Avec un seul maire élu sous l’étiquette PS, à Acoua, et un 1er secrétaire local qui a gouté à la détention provisoire en 2015 en lien avec les municipales, c’est un parti socialiste mahorais sinistré qui attendait Jean-Christophe Cambadélis, un peu à l’image de son quotidien métropolitain d’ailleurs, et il en convenait : « Tant que la gauche locale sera divisée, les élus n’arriveront pas à s’imposer. La même division que nous connaissons en métropole d’ailleurs, en plus accentuée. » Il soulignait malgré tout que « faute de maires socialistes, nous avons plusieurs parlementaires. »
Il pouvait toujours se consoler avec l’adhésion au parti ce mercredi de la maire de Chirongui, Hanima Ibrahima. « La fédération locale travaille à sa réorganisation. Ils doivent travailler sur les pistes traitant du destin de Mayotte, ce n’est pas uniquement le rôle de l’Etat. »

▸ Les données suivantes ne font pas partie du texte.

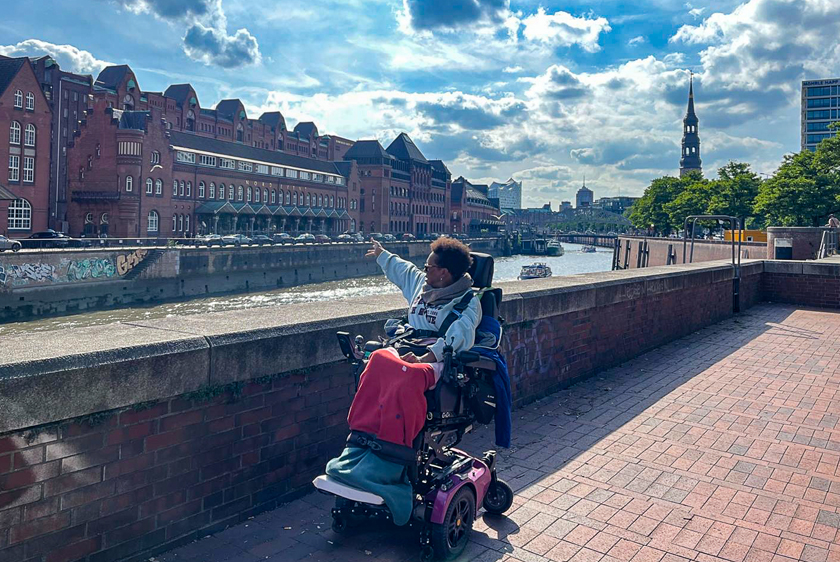 A woman in an electric wheelchair is standing by a river in a city center and pointing at a building on the other side of the river.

L’Etat justement a été pointé du doigt notamment par la Cour des Comptes pour ne pas accompagner Mayotte à hauteur de ses besoins : « Mais justement, quels besoins ? Avant de mettre les moyens, il faut les flécher. C’est après qu’on contractualise. Car on peut s’interroger ici sur l’efficacité de certaines politiques publiques. C’est aux habitants, au parti, aux parlementaires et aux élus, de proposer cette évaluation. On critique le préfet, mais certains ne font rien. L’Etat peut avoir des torts, mais il faut arrêter de se cacher derrière un immobilisme. On se dit, ‘de toute façon, les mahorais en veulent à l’Etat’, et on ne fait rien… Le conseil départemental, c’est ‘le fantôme de l’île’ ! » L’exécutif à majorité LR appréciera.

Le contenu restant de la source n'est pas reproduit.